Yes. You need to keep the wires (leads) from touching each other or any random metal. Electrical tape, heat shrink tubing, discarded insulation from wire stripping, etc. can be used.
"C> 2. Can the wires be cut?
Yes. You need to leave enough for soldering! :-) Actually they generally should be trimmed as short as you can and still reach the connections you need to reach.
"C> 3. Why do you need a resistor for each bulb?
Current and/or voltage limiting. Incandescent bulbs have a certain voltage rating. Grain-of-wheat (grain-of-rice) bulbs are often 2V bulbs. Putting a full 12volts across them will turn them into extremely bright and very short-lived bulbs! Often modern headlights bulbs are LEDs which are all about 2Volts as well and will also 'burn up' if given a higher voltage. The series resistor drops the voltage by turning the excess voltage into heat. The resistor value is determined by Ohm's Law:
V = I*R     (R = V/I)     (I = V/R)
* == multiplication, / == division V == Voltage in Volts I == Current in Amps R == Resistance in Ohms.

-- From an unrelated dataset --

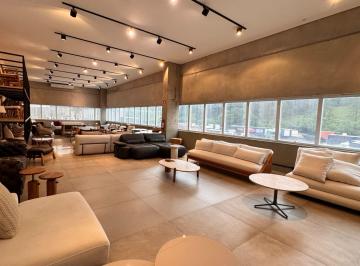 Comercial · 3008m² · 8 Vagas · Galpão em Parque Paraíso, Itapecerica da Serra/SP de 3008m² à venda por R$ 20.000.000,00 ou para loc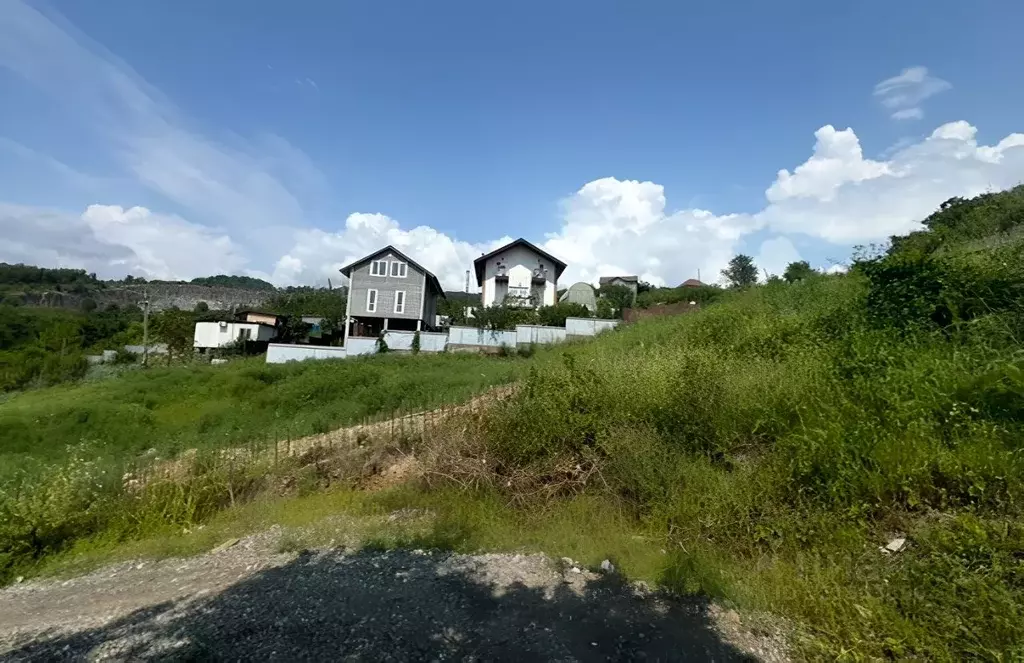 Участок в Краснодарский край, Сочи городской округ, с. Ахштырь  (10.0 ... - Фото 1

If the track voltage is 12 volts (typical analog H0 scale track voltage, DCC is sometimes higher, but you are probably NOT wiring the bulb to the track in that case, but to the DCC decoder's 'headlight' function output, which would typically be 12 volts) and the bulb (or LED) is rated at 2 volts, the resistor needs to drop 10 volts. Typically a LED uses 20miliamps (.020 Amps). You'll need to check what your bulb actually draws, but lets assume it draws 100miliamps (.100 Amps). This works out to:
20MiliAmp 2V LED:
10 / .020 == 500
100MiliAmp 2V Grain-Of-Wheat:
10 / .100 = 100
You also need to figure the power rating of the resistor. This is:
P = V * I
P == Power in Watts V == Voltage in Volts I == Current in Amps
For the 500 Ohm resistor for the LED:
10 * .020 = .2
A 1/4 Watt (.250W) resistor will do.
For the 100 Ohm for the grain of wheat bulb:
10 * .100 = 1
You'll need a 1 Watt resistor for this.
I have a resistor calculator program as part of my Model Railroad System (http://www.deepsoft.com/MRRSystem /)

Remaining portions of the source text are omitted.